‘‘Pneus incendiés, jets de pommes de terre et de divers projectiles : les manifestants ont exprimé leur opposition de manière spectaculaire’’
Par Dahn Habib Sénamblé avec Rfi
Bruxelles (Belgique), le 18 décembre 2025 – La colère du monde agricole européen s’est exprimée avec force, ce jeudi, dans les rues de la capitale belge. Près de 7 300 agriculteurs, venus de plusieurs pays de l’Union européenne, ont manifesté contre le projet d’accord commercial entre l’UE et le Mercosur, au moment même où les chefs d’État et de gouvernement des Vingt-Sept se réunissaient en sommet.
La mobilisation, autorisée par les autorités, a dégénéré en violents heurts aux abords du Parlement européen, contraignant les forces de l’ordre à intervenir pour disperser les manifestants.
Jets de projectiles et réponse policière
Pneus incendiés, jets de pommes de terre et de divers projectiles : les manifestants ont exprimé leur opposition de manière spectaculaire. La police a répliqué par des canons à eau et des gaz lacrymogènes, dans un climat de forte tension, notamment place du Luxembourg, face au Parlement européen.
Selon le quotidien Le Soir, le cortège parti de la gare du Nord n’a pas atteint son point de rassemblement final, la manifestation ayant été stoppée au niveau de la petite ceinture bruxelloise. Un homme a été grièvement blessé en marge des affrontements.

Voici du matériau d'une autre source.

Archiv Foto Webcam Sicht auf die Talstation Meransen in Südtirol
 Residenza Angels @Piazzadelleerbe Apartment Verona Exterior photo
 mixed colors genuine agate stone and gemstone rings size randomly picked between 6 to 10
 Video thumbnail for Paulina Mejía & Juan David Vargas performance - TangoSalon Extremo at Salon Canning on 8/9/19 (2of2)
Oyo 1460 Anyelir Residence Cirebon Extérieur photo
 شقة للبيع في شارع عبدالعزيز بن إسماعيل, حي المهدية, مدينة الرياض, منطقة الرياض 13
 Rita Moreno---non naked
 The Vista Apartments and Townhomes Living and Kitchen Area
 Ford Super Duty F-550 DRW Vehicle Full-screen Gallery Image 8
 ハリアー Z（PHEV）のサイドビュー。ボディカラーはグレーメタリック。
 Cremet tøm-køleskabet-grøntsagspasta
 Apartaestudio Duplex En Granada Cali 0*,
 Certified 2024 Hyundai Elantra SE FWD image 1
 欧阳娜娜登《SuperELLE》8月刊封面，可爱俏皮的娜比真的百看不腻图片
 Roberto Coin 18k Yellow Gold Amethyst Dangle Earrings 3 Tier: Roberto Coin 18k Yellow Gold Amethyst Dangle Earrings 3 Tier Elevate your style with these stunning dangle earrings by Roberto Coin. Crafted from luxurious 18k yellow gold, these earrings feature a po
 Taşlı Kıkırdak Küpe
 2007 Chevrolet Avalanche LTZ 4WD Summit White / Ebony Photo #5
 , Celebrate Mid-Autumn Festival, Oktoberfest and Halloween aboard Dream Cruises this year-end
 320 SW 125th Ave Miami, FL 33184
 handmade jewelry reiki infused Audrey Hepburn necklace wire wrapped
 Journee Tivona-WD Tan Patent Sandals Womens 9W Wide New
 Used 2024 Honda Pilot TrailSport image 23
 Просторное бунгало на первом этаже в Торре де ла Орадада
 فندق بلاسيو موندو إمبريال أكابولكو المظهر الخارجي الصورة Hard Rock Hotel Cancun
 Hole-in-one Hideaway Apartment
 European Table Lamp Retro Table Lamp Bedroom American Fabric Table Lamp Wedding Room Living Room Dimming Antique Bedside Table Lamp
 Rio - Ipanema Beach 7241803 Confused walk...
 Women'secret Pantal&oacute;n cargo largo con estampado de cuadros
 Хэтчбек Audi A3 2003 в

Un important dispositif de sécurité en plein sommet européen
La police bruxelloise avait déployé un dispositif conséquent pour sécuriser le quartier européen, alors que le sommet des chefs d’État et de gouvernement de l’UE s’ouvrait dans la capitale belge.
D’après les chiffres officiels, 7 300 personnes ont pris part à la manifestation autorisée, accompagnées d’une cinquantaine de tracteurs, dans l’ensemble relativement calme. En parallèle, près de 950 tracteurs étaient stationnés dans le quartier européen, paralysant plusieurs axes de circulation.
Des personnes masquées ont également brisé des vitres d’un bâtiment du Parlement européen, accentuant la crispation autour du rassemblement.
Mercosur, PAC et engrais : un mécontentement multiforme
Au cœur de la contestation, le projet d’accord UE-Mercosur, en négociation depuis près de 25 ans, qui prévoit la création de la plus vaste zone de libre-échange au monde. Les agriculteurs dénoncent une concurrence jugée déloyale, estimant que les pays sud-américains ne respectent pas les normes environnementales et sociales imposées aux producteurs européens.
À ces inquiétudes s’ajoutent celles liées aux taxes sur les engrais et à la réforme de la Politique agricole commune (PAC), que certains accusent la Commission européenne de vouloir « diluer » dans le budget global de l’Union.
Emmanuel Macron appelle à la prudence
Alors que la Commission européenne et le Brésil, qui assure la présidence du Mercosur, souhaitent conclure l’accord avant la fin de la semaine, plusieurs États membres demandent un report, dont la France, la Pologne et l’Italie, rejoints récemment par Rome. À l’inverse, l’Espagne et l’Allemagne soutiennent activement le texte.
« Nous ne sommes pas prêts, le compte n’y est pas pour signer cet accord », a déclaré le président français Emmanuel Macron, jeudi à Bruxelles.
L’accord permettrait à l’Union européenne d’exporter davantage de véhicules, machines, vins et spiritueux vers l’Amérique latine, tout en facilitant l’entrée sur le marché européen de produits sud-américains tels que la viande bovine, le sucre, le riz, le miel ou le soja.
Lula prêt à relayer une demande de report
Le président brésilien Luiz Inácio Lula da Silva a indiqué qu’il se ferait le relais, lors du sommet du Mercosur prévu samedi, d’une demande de la Première ministre italienne Giorgia Meloni visant à repousser la signature de l’accord.
En France, certaines filières agricoles voient également leur mécontentement amplifié par la gestion gouvernementale de l’épizootie de la dermatose nodulaire contagieuse (DNC), ajoutant une dimension sanitaire à une contestation déjà profondément politique et économique.